We have the following goals related to interop code being used in CoreFX:
- Minimize code duplication for interop.
- We should only define a given interop signature in a single place. This stuff is tricky, and we shouldn't be copy-and-pasting it.
- Minimize unnecessary IL in assemblies.
- Interop signatures should only be compiled into the assemblies that actually consume them. Having extra signatures bloats assemblies and makes it more difficult to do static analysis over assemblies to understand what they actually use. It also leads to problems when such static verification is used as a gate, e.g. if a store verifies that only certain APIs are used by apps in the store.
- Keep interop code isolated and consolidated.
- This is both for good hygiene and to help keep platform-specific code separated from platform-neutral code, which is important for maximizing reusable code above PAL layers.
- Ensure maximal managed code reuse across different OS flavors which have
the same API but not the same ABI.
- This is the case for UNIX and addressing it is a work-in-progress (see issue #2137 and section on "shims" below.)
- All code related to interop signatures (DllImports, interop structs used in DllImports, constants that map to native values, etc.) should live in a partial, static, and internal “Interop” class in the root namespace, e.g.
internal static partial class Interop { ... }
- Declarations shouldn't be in Interop directly, but rather within a partial, static, internal nested type named for a given library or set of libraries, e.g.
internal static partial class Interop
{
internal static partial class libc { ... }
}
...
internal static partial class Interop
{
internal static partial class mincore { ... }
}
- With few exceptions, the only methods that should be defined in these
interop types are DllImports.
- Exceptions are limited to times when most or every consumer of a particular DllImport will need to wrap its invocation in a helper, e.g. to provide additional marshaling support, to hide thread-safety issues in the underlying OS implementation, to do any required manipulation of safe handles, etc. In such cases, the DllImport should be private whenever possible rather than internal, with the helper code exposed to consumers rather than having the DllImport exposed directly.
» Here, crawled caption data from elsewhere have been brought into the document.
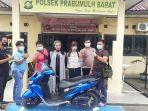 2-wanita-hajar-dan-rampok-pelanggan-hp-dan-motor-korban-digondol-modus-cari-mangsa-di-michat.jpg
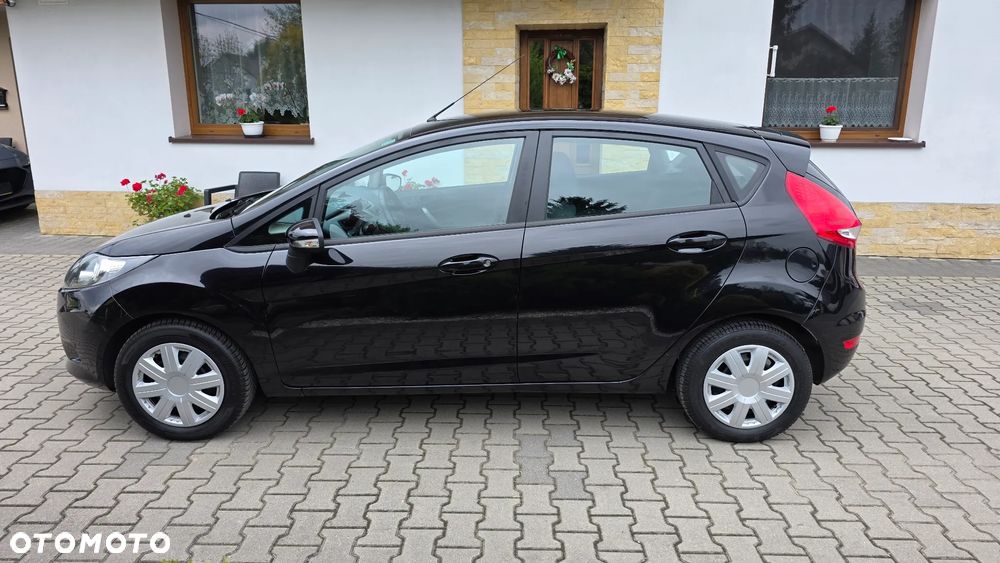 Ford Fiesta 1.25 Celebration - 3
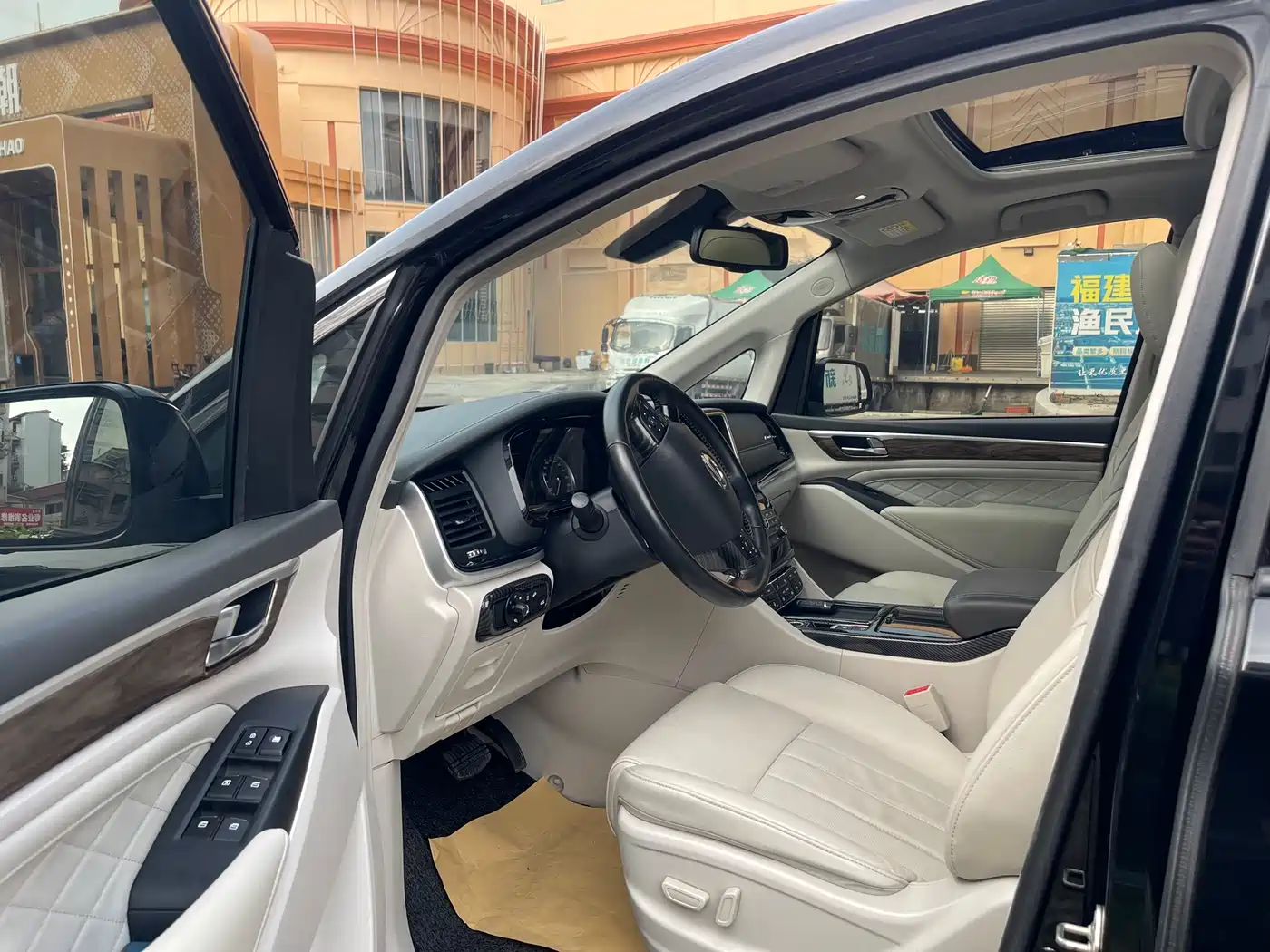 GAC Trumpchi Trumpchi M8 2018 320T Premium Edition фото 9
- The Interop partial class definitions should live in Interop..cs
files. These Interop..cs files should all live under Common rather than
within a given assembly's folder.
- The only exception to this should be when an assembly P/Invokes to its own native library that isn't available to or consumed by anyone else, e.g. System.IO.Compression P/Invoking to clrcompression.dll. In such cases, System.IO.Compression should have its own Interop folder which follows a similar scheme as outlined in this proposal, but just for these private P/Invokes.
- Under Common\src\Interop, we'll have a folder for each target platform, and within each platform, for each library from which functionality is being consumed. The Interop.*.cs files will live within those library folders, e.g.
\Common\src\Interop
\Windows
\mincore
... interop files
\Unix
\libc
... interop files
\Linux
\libc
... interop files
As shown above, platforms may be additive, in that an assembly may use functionality from multiple folders, e.g. System.IO.FileSystem's Linux build will use functionality both from Unix (common across all Unix systems) and from Linux (specific to Linux and not available across non-Linux Unix systems).
- Interop.*.cs files are created in a way such that every assembly
consuming the file will need every DllImport it contains.
- If multiple related DllImports will all be needed by every consumer, they may be declared in the same file, named for the functionality grouping, e.g. Interop.IOErrors.cs.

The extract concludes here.